If T.S. Eliot had been writing in Australia, "The Waste Land" might have opened "September is the cruelest month". Spring has just arrived in the Southern Hemisphere, and on the east coast of Australia it looks likely the season will only compound what has been the wettest year ever recorded.
The great Philip Mead's "Torrents of Spring" seems superbly situated for the occasion, a spring poem more doleful than celebratory. Through the speaker's conversation with the dead Scottish poet Sorley Maclean, who is on his way to Calvary (evoking both one of Maclean's most well known poems and the Crucifixion and resurrection of Christ), we are reminded that loss is just as an essential element of spring's process of renewal as the blooming of acacias and bottlebrush. But how do we find renewal in the loss of a loved one? According to Maclean "there are no solutions" but to be in the world and know that it carries on:
What I always did was walk to the edge of the sea
and watch the fishermen where they haul their boats
in and the surge of the ebbless ocean.
Everything passes between islands, and take it from me
anything in art can be deferred, it’s free of the future.

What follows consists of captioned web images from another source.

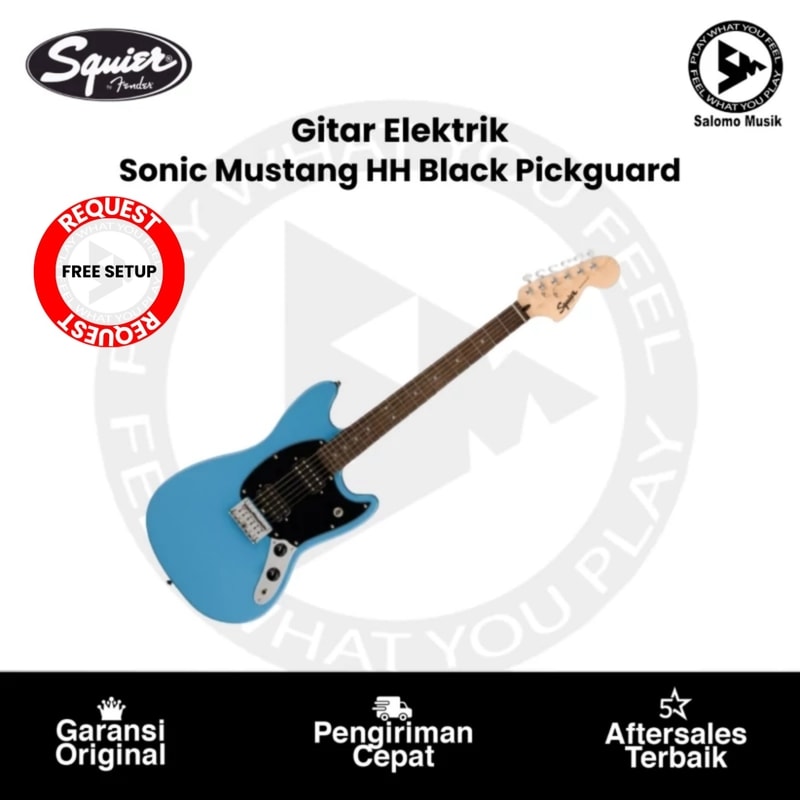 Gitar Elektrik Squier Sonic Mustang HH Black Pickguard Original Varian Warna Original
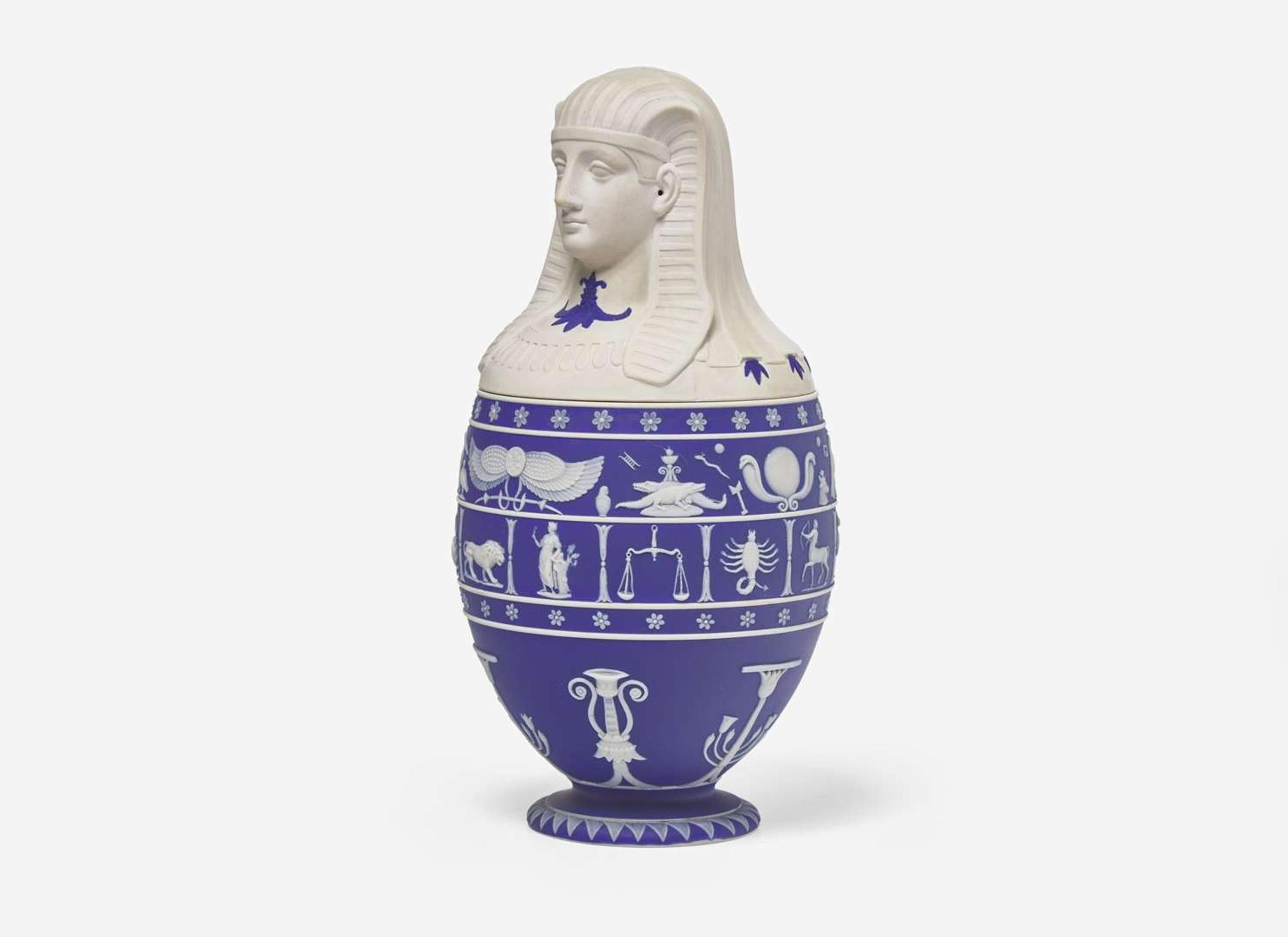 A Wedgwood Blue Dip Jasperware Canopic Jar, UK, Early 19th c.
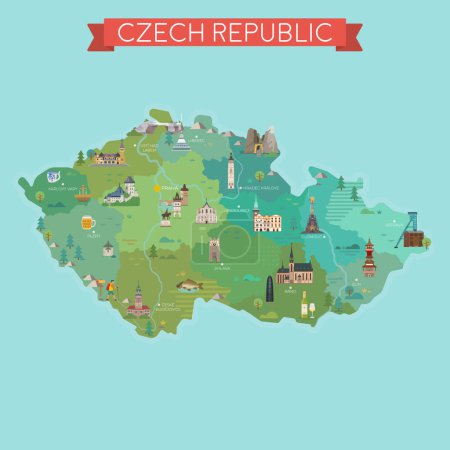 Karte der Tschechischen Republik, Stilisierte Karte mit Städten und Sehenswürdigkeiten.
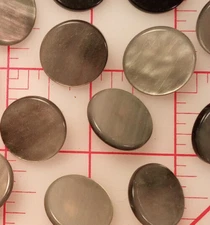 19 Fine Italian Midsiz Shank Button Pearlized Geenish Grey Marble Look Flat 3/4"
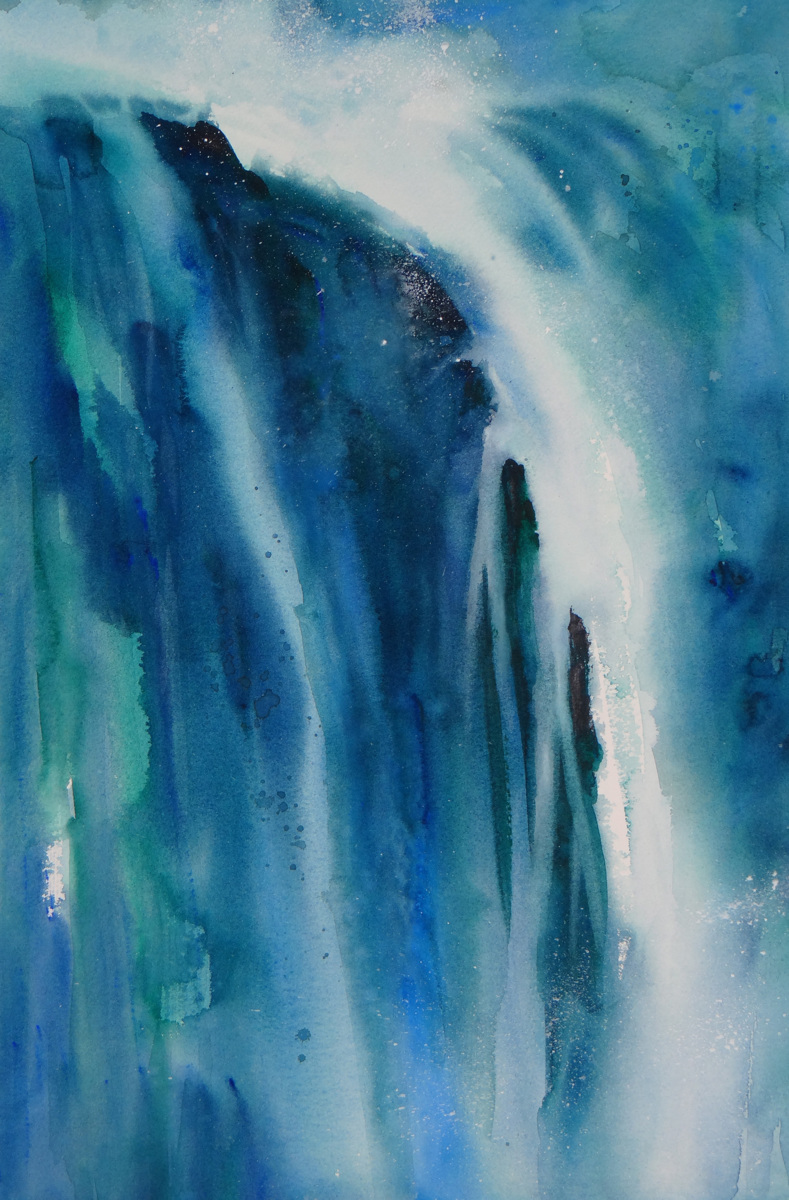 789x1200 Abstract Watercolor Paintings Falling Water By Tom Ryan Watercolors - Falling Water Painting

The last line suggests that art exists outside of this carrying on; one step removed from life, it can be deferred. I like the idea that art is free of the future, that its temptation to exist lies not in time but in the eternal. It allows for us to meet dead poets in city laneways and have them assure us we continue to dream in death, as in life, "lonely as exoplanets".
Torrents of Spring
I thought I recognised Sorley Maclean
walking towards me down Niagara Lane.
As he came alongside he said look up,
you can see our friend the sky where the tall buildings
lean in towards each other. I can see some glyphs
floating across up there. The in-between goes all
the way back to the well of darkness.
Sorry but I’m an analogist, and out of area.
Back on the corner the tree shadows had seemed
to scatter around his ankles. He said he was on his way
through, from Antofogasta to Calvary, reminded me
that the lamps are a super important part of the
hanging universe. We keep dreaming he said,
lonely as exoplanets. The hard thing, I know,
is losing one of your own. That always takes up a lot.
Then after a very long pause he said, there are no solutions.
What I always did was walk to the edge of the sea
and watch the fishermen where they haul their boats
in and the surge of the ebbless ocean.
Everything passes between islands, and take it from me
anything in art can be deferred, it’s free of the future.
I know you’ve read about my afflictions. And I was different then.
I wanted to ask him about sudden gusts of wind,
and the cries of memory, the unexpected turns
in full lives, like his, and the enigma of where people end up,
but he was gone. Round the corner and down the street.
The last thing I remember was his scarf, the blue of flax lilies.